Они сцепились с обидчиком, покатились по полу клубком, и Лебедев разбил ему голову. Мать с Никитичной только во время драки пришли в себя, до этого сидели посреди артистов примерно, как Валя, впервые приведённая в этот зал Лошадиным, стеснялись есть и пытались собрать грязные тарелки и отнести их на кухню вместо официанток.

Приехала «Скорая помощь», уборщица стала замывать кровь на полу. Милицию в Дом кино не вызывали, к дракам среди национального достояния привыкли. Валя расстроилась, что вторая свадьба кончается дракой и «Скорой», но Лебедев упал к её ногам и начал читать Шиллера. Из роли в курсовом спектакле.

Ресторан Дома кино зааплодировал и завопил: «Горько!» А мать некстати зашептала на ухо:

– Доча, а скоро ему квартиру от кино дадут?

Она никак не могла расслабиться в таком высоком обществе, и снова стала дёргать Валю:

– Фотографию бабке Поле в Берёзовую Рощу отвезу.

– Сама с посылкой отправлю, – шепнула Валя.

Не хотелось, что мать, с её длинным языком, расскажет бабушке всё про развод с Юриком, про съёмную квартиру. Лучше положит фотографии в посылку вместе с конфетами, другими подарками и письмом, которое прочитает сосед Ефим.

Бабушка гордилась Валей, радовалась подаркам, но поскольку телефона в деревне не было, общалась с внучкой, только послушав её письма или во сне. Да и Вале она часто снилась, и всегда было ясно, что хочет сказать. Не потому что обеих называли колдовками, а просто у них была тесная связь, протянутая золотой ниткой через города и веси.

Валя с Кириллом жили на одном дыхании, ходили, держась за руки, не видели ничего вокруг и были по-настоящему счастливы. Он даже отхватил на этой волне удачу, пригласили сняться летом ещё в одной детской сказке под названием «Лесной богатырь».

В отличие от Юрика, Кирилл был чуткий, тонко организованный, всё видел и замечал. А Юрик ничего не видел, ни про себя, ни про других. Его не научили. И так мало говорил, что Валя даже не поняла, умный он или дурак.

Никитична гордилась знаменитым жильцом, выписывала для него «Советский экран». Валя читала журнал запоем, и киношная жизнь затягивала её в свою пёструю воронку. Была на таком подъёме, что не обратила внимания на фразу Никитичны:

– Любит тебя! Даже пить бросил!

А потом Леночка принесла добрую весть, бывшая свекровь передала, пусть богатыря своего прописывает, она в профком с конфетами пошла, пожаловалась на брачную аферистку, но про артиста Лебедева ей не поверили, сказали, врёт, а как принесёт справку про Лебедева, сразу на очередь поставят.

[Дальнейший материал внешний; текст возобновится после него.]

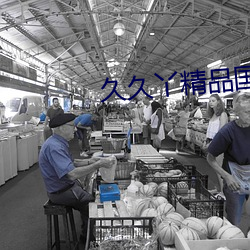 久(久)久丫(丫)精(精)品国产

И снова был суд с разделением лицевого счёта и прописыванием Лебедева к Соломкиным. И свекровь снова кричала про брачную аферистку и сто первый километр, но теперь уже для проформы, а за дверями судебного зала подмигнула Вале и сказала:

– Ладно уж, живи! Юрика в старой оставим, Ленку – с собой в новую возьмём.

Валя устроилась работать в поликлинику поблизости от снятой комнаты, а летом взяла неоплачиваемый отпуск и, не веря своему счастью, поехала с Кириллом на настоящие киносъёмки. В глухой деревушке построили и топорно расписали дворец, к которому ездили на автобусе из убогой райцентровской гостиницы.

Жителей деревни наряжали в дурацкие костюмы, сшитые из самых дешёвых тканей, платили им за массовку копейки, и те были на седьмом небе. Арендовали двух колхозных жеребцов, но они не знали ни одной команды, и снимать на них героев можно было только в статике.

Валя гордилась Кириллом, а он «звездил» и капризничал на всю катушку. Чтобы ему было комфортней, Валя старалась понравиться хамоватому старому режиссёру, делала ему массаж от остеохондроза. А когда у него загноился палец, прибинтовала на больное место, как учила бабушка, верхнюю плёнку свежей бересты, и к утру палец стал как новый.

Режиссёр отблагодарил эпизодом. Валю нарядили в сарафан и кокошник, заплели косу и заставили поднимать вёдра воды из глубокого колодца. Режиссёр орал:

– Светиться! Ты должна не зубы скалить, как кобыла, а изнутри, мать твою, светиться! Такая тупость при такой фактуре! Органику, органику из себя дави! Ещё дубль!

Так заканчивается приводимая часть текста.